More Hypotheses to Test

For each scenario below.

Convert the question into a null and alternative hypothesis about a parameter or parameters. State this carefully using both words and symbols.
Check the data set to see if the information is there to do the test the way you had planned. If not, adjust your hypotheses accordingly. (You may have had a perfectly reasonable plan, but it didn’t match the plan of the poeple conducting the study, you wan’t have data matching your plan.)
Compute a number or make graph (or both) from your data to get some sense for the data before you do your test. Make a ball park estimate for the p-value.
Use R to create the randomization distribution.
Use your randomization distribuiton to compute a p-value. (Are you doing a 1-tailed test or a 2-tailed test? Why?)

How did the p-value compare to your estimate?
Interpret your p-value.

What conclusion can we draw? Do you find the result surprising or confirming?

Cocaine Addiction

Question: Does taking Lithium help cocaine addicts avoid relapse?

Data: The data are summarized in the table below.

Treatment	Relapse	No Relapse
Lithium	18	6
Placebo	20	4

We can create a data set like this with the following R code (which is faster than typing it all into Excel or something like that).

CocaineStudy <-
  bind_rows(
    do(18) * tibble(treatment = "Lithium", result = "Relapse"),
    do( 6) * tibble(treatment = "Lithium", result = "No Relapse"),
    do(20) * tibble(treatment = "Placebo", result = "Relapse"),
    do( 4) * tibble(treatment = "Placebo", result = "No Relapse")
  )

View(CocaineStudy)  # Don't put this line into your R markdown!

Doris and Buzz

Question: Can dolphins communicate?

Setup: Two dolphins, Doris and Buzz, were trained to learn that they can get food by pushing one of two buttons depending on whether a light is on or off.

Later, Doris and Buzz were placed in the same tank, but separated by a curtain. The light was on the side with Doris and the buttons on the side with Buzz.

Data Set: Buzz pushed the correct button in 15 times in 16 attempts.

Smiles and Leniency

Question: Will college disciplinary panels be more lenient if you smile in the photo that is attached to your case paperwork?
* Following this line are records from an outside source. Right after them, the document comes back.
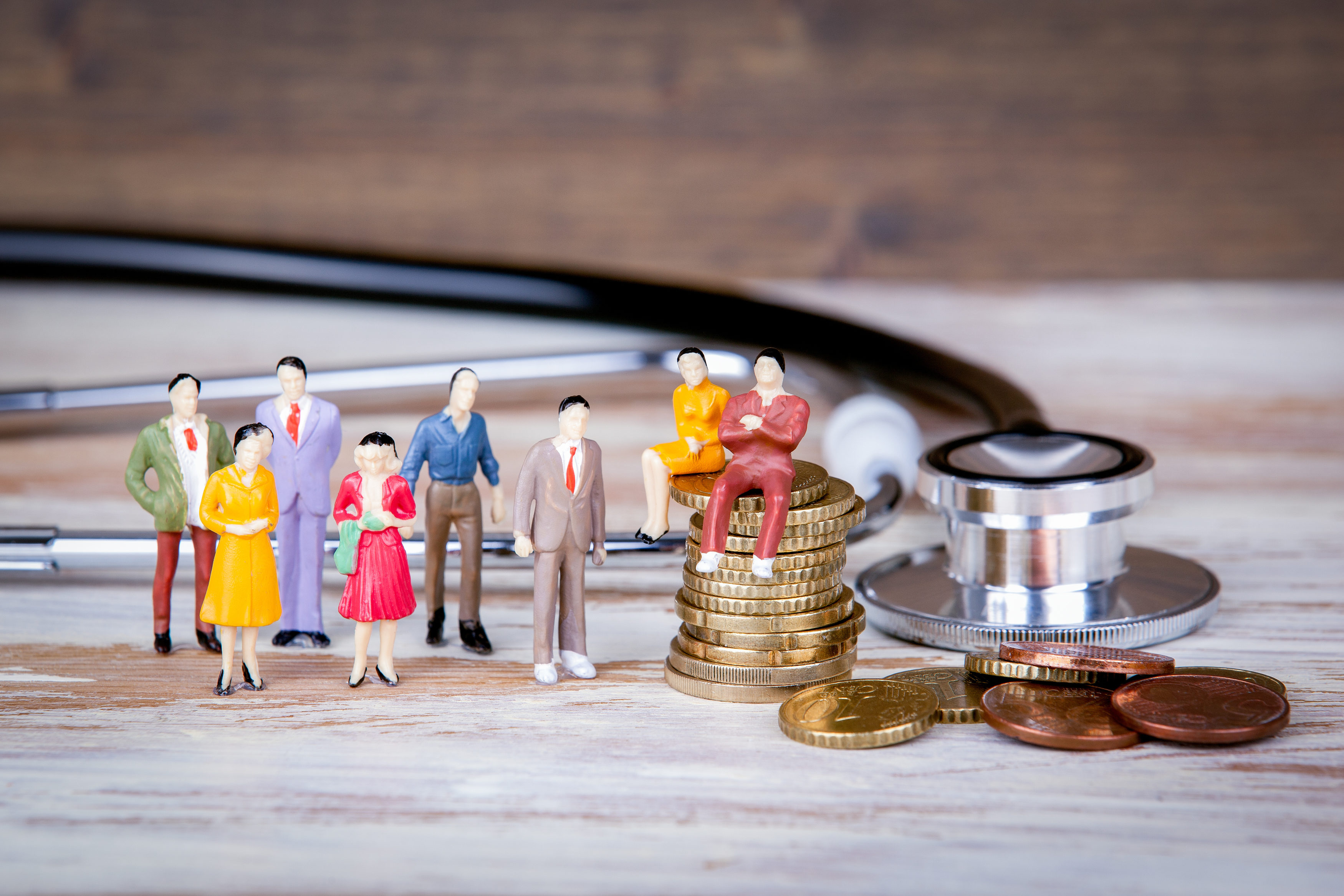 Medical care and expenses, health insurance. Colorful Human miniatures.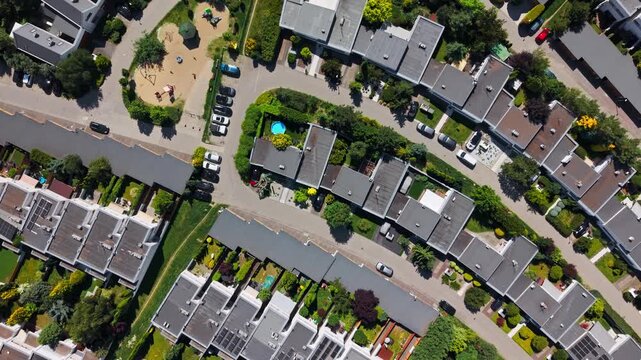 Drone view top down suburban residential housing estate townhouses real estate development property. Vertically oriented aerial perspective displaying modern semi detached houses with dark roofs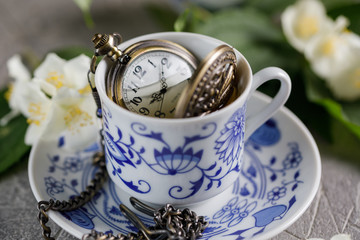 A cup of tonic green tea with jasmine and an onion bulb inside.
Data: Smiles (in Lock5withR)

Pulse and Sex

Question: Does resting pulse in healthy young adults differ by sex?

Data: BodyTemp50 (in Lock5withR)

Doris and Buzz, Part 2

In a repetition of the Doris and Buzz experiment, a wooden separator was used instead of a curtain.

Data Set 2: Buzz pushed the correct button 16 times in 28 attempts.

Hugo

The German game Mitternachtsparty (Midnight party) has an important “character” named Hugo, a ghost who climbs the stairs out of the cellar and then chases players around a balcony while they try to duck into unoccupied rooms. Players roll dice and move the number rolled, unless they roll Hugo, in which case Hugo moves instead.

The first time I played this with my kids, I did some quick calculations about the average sqaures moved per turn for players and for Hugo, and used those calculations to optimize the placement of my pieces. (Rule number one at our house: Dad plays to win.) It didn’t go so well for me. I was expecting to see Hugo rolled one time in six, but it seemed like we got way too many Hugos (and I got clobbered).

Curious about the die and my apparent bad luck, I rolled the die 50 times. Hugo came up 16 times. Is that enough evidence to be suspicious that the die is not fair?

Overview

One way to think about a hypothesis test is that we have to make a decision based on the data, much like a jury makes a decision in a court of law based on the evidence.
1. What are the two decisions a jury can make?
2. When we conduct a hypotheses test, what are the two decisions we can make? How do we decide which one to make?

When we conduct a hypothesis test, there are two types of mistakes we can make. What are they? (They have very boring names: Type I errror and Type II errror. Call me over to find out which is which.)

How can we reduce how often we make type I error? Why does this make it easier to make a type II error?

What is a “significance level”? What letter do we usually use for significance level?

What does the phrase “statistically significant mean”?

What are the 4 steps for conducting a hypothesis test?

We have studied three kinds of hypothesis tests. Every example we have seen has been one of these three kinds.
1. What are the three kinds
2. How do you create a randomization distribution for each kind?

What is the difference between a 1-tailed test and 2-tailed test? How do we decide which to do? [Note: 1-sided and 2-sided are other terms for the same thing.]

If you make a histogram of a null distribution, what features do you expect to see? Why?
What is a p-value and how do we use it to weigh the evidence provided by the data?